On May 16, 2011, tan and gray smoke spread hundreds of kilometers across Alberta, Saskatchewan, and the Northwest Territories in Canada. At 10:00 a.m., the Alberta government reported 116 fires burning in the province, 34 of them out of control. The following day, the total number of fires had dropped to 100, and the number of uncontrolled fires had dropped to 22. But four new fires had started to burn out of control.
The Moderate Resolution Imaging Spectroradiometer (MODIS) on NASA’s Terra satellite took this image at 12:35 p.m. local time on May 16. Similar images of central Canada are available twice daily.
The top image shows a wide area to illustrate how far the smoke traveled. The lower image provides a closer view of a massive fire burning south of Lake Athabasca. Fire detections are outlined in red. Strong winds fanned the fires on May 15 and 16, sending thick plumes of smoke to the north.

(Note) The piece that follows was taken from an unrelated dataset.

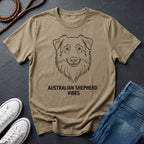 Beige Comfort Colors t-shirt with Australian Shepherd design and text on a dark surface with shoes and jeans.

The fires forced some energy and transportation companies to suspend operations, reported CBC News. Multiple oil and gas companies suspended drilling and moved their employees to safety. Oil transport was also hampered by a shutdown of rail service and a pipeline closure. Meanwhile, fires near Lesser Slave Lake destroyed 40 percent of the nearby town on May 15, including hundreds of homes and businesses and the town hall.
On May 17, CBC News reported that British Columbia was sending 200 more firefighters, in addition to the 130 firefighters already deployed to Alberta. Fire danger remained extreme throughout much of northern Alberta on May 17, the government reported.